First-half goals from Ollie Cooper and Harry Darling were enough for Russell Martin’s men who cemented their sixth place in the table, despite a 51st-minute strike by Black Cats winger Jack Clarke.
Swansea were ultimately made to work hard for the three points by a Sunderland side who were as menacing in the second half as they were passive in the first.
The Swans looked set for a stroll when they led 2-0 at half-time but whatever Sunderland boss Tony Mowbray said to his charges during the interval had the desired effect.
Their revival during the opening 25 minutes of the second half should have yielded more than just Clarke’s goal.
Yet there was no sign of such urgency in the opening 45 minutes which the Swans totally dominated.
When the breakthrough came it was no surprise. Ryan Manning’s floated pass down the left flank in the 13th minute found captain Matt Grimes, whose slide-rule cross was smashed home via a deflection by Cooper.
Sunderland failed to heed earlier warnings, with centre-half Ben Cabango and Luke Cundle both failing to convert good chances.
For the 2,000 Sunderland fans who made the 700-mile round trip, much of the remainder of the first half was painfully one-sided.
Patrick Roberts threatened sporadically down the right wing but any Blacks Cats possession was contained in benign areas, with Swans goalkeeper Steve Benda untroubled.
It got worse for the visitors on the stroke of half-time. A Manning cross was not dealt with by the Sunderland defence and midfielder Darling scrambled home Swansea’s second with a scruffy effort that squirmed under the body of goalkeeper Anthony Patterson.
The home side looked set to cruise to victory as the second half began, but the pendulum swung dramatically in the direction of their opponents.
Sunderland were almost inexplicably transformed after the break, passing with purpose and competing fiercely for every ball.
They were soon back in it when Clarke rifled home a low left-footed strike under the noses of an increasingly excited travelling support.
Swansea chased shadows for the next 10 minutes as Mowbray’s men monopolised possession and bristled with attacking intent.

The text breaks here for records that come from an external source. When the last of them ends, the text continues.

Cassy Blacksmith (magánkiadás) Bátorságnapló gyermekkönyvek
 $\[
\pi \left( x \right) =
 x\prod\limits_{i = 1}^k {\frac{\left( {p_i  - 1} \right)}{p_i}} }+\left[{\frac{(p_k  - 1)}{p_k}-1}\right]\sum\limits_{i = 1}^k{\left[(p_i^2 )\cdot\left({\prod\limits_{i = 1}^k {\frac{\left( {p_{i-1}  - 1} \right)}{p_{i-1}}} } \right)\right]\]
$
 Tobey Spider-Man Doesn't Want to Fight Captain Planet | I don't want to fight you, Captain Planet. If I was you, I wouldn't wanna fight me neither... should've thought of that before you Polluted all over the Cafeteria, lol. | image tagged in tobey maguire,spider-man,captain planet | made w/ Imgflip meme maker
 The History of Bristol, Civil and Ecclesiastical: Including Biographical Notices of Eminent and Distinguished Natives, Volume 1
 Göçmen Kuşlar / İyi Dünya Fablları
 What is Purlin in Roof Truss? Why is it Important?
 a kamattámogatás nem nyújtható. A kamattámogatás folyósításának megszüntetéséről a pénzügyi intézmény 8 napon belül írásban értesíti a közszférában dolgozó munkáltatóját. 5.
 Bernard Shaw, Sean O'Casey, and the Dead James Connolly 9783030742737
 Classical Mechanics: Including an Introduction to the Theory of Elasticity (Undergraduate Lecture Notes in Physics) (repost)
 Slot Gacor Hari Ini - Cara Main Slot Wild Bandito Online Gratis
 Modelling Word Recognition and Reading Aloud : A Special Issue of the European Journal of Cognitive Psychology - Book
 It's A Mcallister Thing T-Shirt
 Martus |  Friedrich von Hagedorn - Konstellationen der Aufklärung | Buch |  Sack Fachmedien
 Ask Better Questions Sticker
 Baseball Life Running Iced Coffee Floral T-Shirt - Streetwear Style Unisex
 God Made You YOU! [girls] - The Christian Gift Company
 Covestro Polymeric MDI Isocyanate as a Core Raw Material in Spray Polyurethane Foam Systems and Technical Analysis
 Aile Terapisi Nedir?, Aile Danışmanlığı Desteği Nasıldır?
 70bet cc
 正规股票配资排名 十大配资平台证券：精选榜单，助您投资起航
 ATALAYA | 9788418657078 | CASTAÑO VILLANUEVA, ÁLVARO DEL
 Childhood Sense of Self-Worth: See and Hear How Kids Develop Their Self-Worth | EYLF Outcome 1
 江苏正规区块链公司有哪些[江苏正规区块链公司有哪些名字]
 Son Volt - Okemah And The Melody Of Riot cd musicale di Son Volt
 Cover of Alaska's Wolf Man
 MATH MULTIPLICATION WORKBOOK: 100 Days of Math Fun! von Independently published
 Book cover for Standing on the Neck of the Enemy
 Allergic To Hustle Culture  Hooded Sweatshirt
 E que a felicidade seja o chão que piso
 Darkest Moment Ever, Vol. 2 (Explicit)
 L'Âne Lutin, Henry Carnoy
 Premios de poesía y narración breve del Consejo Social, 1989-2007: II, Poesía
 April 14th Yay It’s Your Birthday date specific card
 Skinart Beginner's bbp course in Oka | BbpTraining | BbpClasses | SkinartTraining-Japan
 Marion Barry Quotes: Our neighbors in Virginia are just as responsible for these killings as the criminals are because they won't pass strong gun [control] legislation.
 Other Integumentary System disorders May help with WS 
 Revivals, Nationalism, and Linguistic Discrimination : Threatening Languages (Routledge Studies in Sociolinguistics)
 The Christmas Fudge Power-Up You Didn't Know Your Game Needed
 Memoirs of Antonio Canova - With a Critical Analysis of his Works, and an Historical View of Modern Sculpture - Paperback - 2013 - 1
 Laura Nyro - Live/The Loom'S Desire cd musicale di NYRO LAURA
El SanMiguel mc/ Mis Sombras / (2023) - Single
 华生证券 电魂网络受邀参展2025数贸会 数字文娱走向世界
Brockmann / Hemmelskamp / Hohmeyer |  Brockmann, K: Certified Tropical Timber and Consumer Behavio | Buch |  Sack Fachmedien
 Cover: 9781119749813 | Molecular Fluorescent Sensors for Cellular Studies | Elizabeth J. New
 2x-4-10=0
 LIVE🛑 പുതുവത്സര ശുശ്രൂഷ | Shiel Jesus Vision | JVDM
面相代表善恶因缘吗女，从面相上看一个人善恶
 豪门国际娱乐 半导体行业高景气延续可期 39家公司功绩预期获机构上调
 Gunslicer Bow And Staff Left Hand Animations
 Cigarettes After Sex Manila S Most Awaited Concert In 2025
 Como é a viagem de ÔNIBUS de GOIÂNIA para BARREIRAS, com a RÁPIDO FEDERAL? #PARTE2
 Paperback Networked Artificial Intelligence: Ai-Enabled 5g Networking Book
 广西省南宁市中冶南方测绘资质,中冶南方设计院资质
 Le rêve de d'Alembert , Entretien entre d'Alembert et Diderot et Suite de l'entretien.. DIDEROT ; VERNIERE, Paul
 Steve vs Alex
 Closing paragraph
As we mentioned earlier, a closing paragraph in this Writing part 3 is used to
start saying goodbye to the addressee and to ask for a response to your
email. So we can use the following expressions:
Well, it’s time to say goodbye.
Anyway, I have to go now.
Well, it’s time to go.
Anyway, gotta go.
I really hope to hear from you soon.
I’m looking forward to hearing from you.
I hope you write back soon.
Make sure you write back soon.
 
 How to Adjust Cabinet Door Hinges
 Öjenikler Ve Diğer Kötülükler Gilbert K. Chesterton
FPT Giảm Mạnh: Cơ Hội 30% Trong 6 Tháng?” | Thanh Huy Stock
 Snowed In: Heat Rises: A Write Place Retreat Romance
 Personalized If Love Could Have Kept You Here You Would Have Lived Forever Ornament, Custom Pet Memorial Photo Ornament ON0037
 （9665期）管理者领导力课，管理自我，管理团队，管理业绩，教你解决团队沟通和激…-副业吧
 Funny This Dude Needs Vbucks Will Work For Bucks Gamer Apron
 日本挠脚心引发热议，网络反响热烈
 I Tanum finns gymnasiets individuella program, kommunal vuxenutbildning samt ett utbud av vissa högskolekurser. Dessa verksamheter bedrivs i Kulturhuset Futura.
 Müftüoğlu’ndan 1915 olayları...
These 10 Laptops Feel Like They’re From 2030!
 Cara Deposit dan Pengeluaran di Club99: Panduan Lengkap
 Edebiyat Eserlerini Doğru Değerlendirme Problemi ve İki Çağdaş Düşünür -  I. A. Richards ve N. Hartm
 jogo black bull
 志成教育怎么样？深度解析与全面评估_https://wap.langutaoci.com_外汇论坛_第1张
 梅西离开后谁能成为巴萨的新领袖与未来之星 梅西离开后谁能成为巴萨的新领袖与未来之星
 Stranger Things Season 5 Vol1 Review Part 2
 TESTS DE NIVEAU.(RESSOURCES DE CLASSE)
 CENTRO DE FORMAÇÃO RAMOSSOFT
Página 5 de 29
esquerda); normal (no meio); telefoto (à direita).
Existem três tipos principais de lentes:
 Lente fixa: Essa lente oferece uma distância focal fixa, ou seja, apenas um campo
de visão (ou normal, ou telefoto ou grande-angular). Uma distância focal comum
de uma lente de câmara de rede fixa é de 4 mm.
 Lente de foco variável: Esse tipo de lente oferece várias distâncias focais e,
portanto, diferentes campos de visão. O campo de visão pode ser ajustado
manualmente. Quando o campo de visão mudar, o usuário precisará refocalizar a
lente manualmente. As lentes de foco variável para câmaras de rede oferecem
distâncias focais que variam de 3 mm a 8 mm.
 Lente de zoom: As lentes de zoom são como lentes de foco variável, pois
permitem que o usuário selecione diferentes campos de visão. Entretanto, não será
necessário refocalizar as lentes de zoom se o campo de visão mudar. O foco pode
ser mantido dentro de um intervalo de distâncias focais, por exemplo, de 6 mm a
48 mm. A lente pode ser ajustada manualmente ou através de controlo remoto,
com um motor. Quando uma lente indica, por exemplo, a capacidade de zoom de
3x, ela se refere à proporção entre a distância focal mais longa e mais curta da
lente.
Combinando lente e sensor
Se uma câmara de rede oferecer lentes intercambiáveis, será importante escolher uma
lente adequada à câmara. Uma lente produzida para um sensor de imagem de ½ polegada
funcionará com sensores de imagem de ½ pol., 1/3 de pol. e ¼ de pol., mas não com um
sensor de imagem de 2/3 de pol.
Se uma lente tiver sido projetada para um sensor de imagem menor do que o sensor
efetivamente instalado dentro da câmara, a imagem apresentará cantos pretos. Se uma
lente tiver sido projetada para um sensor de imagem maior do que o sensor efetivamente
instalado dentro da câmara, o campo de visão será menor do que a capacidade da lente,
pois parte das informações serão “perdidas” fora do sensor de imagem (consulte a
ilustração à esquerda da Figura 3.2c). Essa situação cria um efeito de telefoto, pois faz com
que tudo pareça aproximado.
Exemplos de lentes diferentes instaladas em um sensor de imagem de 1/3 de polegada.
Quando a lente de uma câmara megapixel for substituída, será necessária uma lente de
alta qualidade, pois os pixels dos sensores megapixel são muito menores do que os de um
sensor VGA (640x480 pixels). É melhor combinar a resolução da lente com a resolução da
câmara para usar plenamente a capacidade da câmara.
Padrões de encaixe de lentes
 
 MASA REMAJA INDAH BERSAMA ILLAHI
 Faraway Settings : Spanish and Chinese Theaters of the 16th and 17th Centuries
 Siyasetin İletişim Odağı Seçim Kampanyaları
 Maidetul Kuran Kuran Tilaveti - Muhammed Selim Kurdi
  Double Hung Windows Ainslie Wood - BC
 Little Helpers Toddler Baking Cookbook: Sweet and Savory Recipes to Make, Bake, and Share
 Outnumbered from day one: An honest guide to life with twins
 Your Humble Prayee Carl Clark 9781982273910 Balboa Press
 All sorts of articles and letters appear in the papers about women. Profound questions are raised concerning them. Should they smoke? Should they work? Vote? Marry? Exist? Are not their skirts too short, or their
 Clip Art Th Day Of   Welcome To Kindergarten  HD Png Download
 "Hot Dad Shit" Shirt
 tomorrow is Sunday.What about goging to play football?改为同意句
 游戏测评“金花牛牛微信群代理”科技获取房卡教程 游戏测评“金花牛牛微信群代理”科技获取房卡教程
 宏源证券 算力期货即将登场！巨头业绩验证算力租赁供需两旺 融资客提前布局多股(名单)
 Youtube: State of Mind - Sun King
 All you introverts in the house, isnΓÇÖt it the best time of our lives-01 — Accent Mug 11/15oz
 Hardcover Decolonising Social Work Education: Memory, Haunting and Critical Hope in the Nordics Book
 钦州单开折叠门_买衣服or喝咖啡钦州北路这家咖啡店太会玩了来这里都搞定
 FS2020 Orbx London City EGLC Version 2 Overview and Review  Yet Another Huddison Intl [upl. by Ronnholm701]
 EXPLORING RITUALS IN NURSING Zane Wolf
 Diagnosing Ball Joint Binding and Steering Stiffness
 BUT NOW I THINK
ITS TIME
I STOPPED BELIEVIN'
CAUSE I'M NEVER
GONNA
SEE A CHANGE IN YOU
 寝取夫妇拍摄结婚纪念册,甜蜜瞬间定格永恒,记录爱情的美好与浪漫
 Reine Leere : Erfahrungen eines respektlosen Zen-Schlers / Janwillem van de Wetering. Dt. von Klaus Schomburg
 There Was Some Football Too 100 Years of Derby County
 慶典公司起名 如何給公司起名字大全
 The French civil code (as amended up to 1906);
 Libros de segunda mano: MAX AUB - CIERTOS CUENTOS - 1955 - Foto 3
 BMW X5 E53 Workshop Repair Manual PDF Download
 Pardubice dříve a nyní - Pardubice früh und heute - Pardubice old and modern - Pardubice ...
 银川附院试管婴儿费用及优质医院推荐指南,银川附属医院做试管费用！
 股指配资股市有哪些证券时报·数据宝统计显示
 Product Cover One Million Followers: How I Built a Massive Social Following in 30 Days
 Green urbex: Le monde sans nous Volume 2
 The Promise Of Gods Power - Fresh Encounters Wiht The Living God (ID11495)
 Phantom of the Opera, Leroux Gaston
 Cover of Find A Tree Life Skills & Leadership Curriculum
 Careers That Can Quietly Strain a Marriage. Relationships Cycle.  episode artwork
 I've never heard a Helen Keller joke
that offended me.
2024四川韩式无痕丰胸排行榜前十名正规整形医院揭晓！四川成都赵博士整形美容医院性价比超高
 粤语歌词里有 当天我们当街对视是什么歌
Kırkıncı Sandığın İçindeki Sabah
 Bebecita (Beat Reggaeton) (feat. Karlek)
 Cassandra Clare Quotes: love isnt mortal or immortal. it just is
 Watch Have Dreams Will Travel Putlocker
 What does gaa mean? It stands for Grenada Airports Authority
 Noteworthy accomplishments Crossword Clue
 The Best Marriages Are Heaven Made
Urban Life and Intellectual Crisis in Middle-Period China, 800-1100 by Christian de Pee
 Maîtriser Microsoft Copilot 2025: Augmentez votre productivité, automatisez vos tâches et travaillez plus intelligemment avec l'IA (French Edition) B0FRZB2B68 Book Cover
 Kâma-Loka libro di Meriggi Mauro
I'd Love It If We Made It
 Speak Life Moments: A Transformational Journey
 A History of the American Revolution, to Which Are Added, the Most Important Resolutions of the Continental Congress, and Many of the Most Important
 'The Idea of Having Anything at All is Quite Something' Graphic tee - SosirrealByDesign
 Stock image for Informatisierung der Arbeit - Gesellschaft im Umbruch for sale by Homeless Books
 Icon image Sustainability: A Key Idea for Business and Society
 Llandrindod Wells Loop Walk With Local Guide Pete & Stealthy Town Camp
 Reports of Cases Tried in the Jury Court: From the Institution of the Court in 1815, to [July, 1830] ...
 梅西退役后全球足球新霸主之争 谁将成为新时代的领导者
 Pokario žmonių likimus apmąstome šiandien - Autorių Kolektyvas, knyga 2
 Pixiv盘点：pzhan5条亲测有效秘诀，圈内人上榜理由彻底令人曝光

But the equaliser just would not come.
Swansea gradually found a way back, though it was the 72nd minute before they launched a meaningful second-half assault on goal.
Jay Fulton’s shot from the edge of the area was tipped over by Patterson and from the corner a header from Dutch striker Joel Piroe was palmed away at point-blank range.
The Swans managed to disrupt the Sunderland momentum as the clock ticked down, but the away side remained a threat on the break.
Even Patterson came up for a Sunderland corner in the dying moments of injury time, but Swansea held out.